2 Antworten auf „Belästigungen 11/2022: Vom Nazi zur NATO – „Zeitgeist“ on Tour“

  1. Die „echten“ Nazi’s seinerzeit, also die 5.000 am Marienplatz, die gab es nicht nur dort, sondern ganz München war damit gespickt wie ein trockener Rebhuhnrücken mit Speckstreifen: Tief reingestochen ins linke und anarchistische Milieu, zweimal den Spieß umgedreht und für unsere direkten Nachkommen lebensgefährlich, also nicht nur Zeitgeist, sondern krass gewalttätig und jede „Glatze“ mit einer Zündschnur ausgestattet, die bereits an ihrem Ende angelangt war: Nachdem ich älter bin als Du, waren wir als Hüter unserer Nachkommen seinerzeit am Marienplatz, denn die standen in allererster Linie – Gesicht an Gesicht – mit den „Glatzen“, nur ein zitternder Polizeikordon als Absperrkette dazwischen. Die „Glatzen“: muskelbepackt, rotgesichtig, stiernackig, Nazi-Klischee pur, standen unseren waldorfgepäppelten, wehrunfähigen Kindern nicht nur gegenüber, sondern haben auch fatal an die Stelle aus „Garp-und-wie-er-die-Welt-sah“ erinnert:

    Dort schreitet eine Katze ungerührt an einem Kettenhund vorbei, weil sie weiß, wie lang die Kette ist und wenn dann der Kettenhund speichelschleudernd wütend aufspringt um sie umzubringen, bleibt er würgend in seiner Kette hängen.

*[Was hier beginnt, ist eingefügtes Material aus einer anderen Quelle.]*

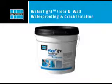The following is a demonstration on the Latakrete Watertight Floor and Wall Waterproofing and Crack Isolation. When using Latakrete Watertight, no mixing is required. You will need paint brushes and paint rollers to install.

Bis eines Tages jemand den Lastwagen verschoben hat, an dem er angekettet war….

    Genau das ist in der Zwischenzeit passiert.

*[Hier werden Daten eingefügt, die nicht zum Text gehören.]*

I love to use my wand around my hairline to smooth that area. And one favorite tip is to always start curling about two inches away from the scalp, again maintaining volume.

    Aber noch immer ist richtig, was sie damals den „Glatzen“ entgegengerufen haben (müsstest Du dabei gewesen sein?): „ihr seid so hässlich!“ und „ihr werdet’s nicht vermuten, wir sind die Guten!“: Wer auf welcher Seite gelandet ist, das ist das ganz große Rätsel oder: Was waren das doch für wunderbare Zeiten als man schon am Äusseren erkennen konnte, wer der Gute und wer der Böse ist: „Antifa“, da lachen ja die Hühner. Josi

  2. https://www.youtube.com/watch?v=Xnq6sTn6rCk
    Protest gegen NATO-Manöver „Steadfast Noon“ Demonstration gegen das NATO-Manöver „Steadfast Noon“
    Nörvenich den 22-10-2022

    Letztes Jahr waren noch mind. doppelt so viele dabei und das obwohl Köln Bonn Aachen in dern Nähe sind. Ich erinnere mich an 100 Tsd. in Bonn 83 als Willy Brand redete. Dazu kommt noch ein Informationskrieg im digitalen Raum. Sichtbar z.B. durch die sog. hashtag NAFOs …the grayzone hat zwei ausführliche Artikel dazu geschrieben. Wieviele ausstehende Strafbefehle gegen Rechtsextreme gibt es momentan? Vor einigen Jahren waren es über 100.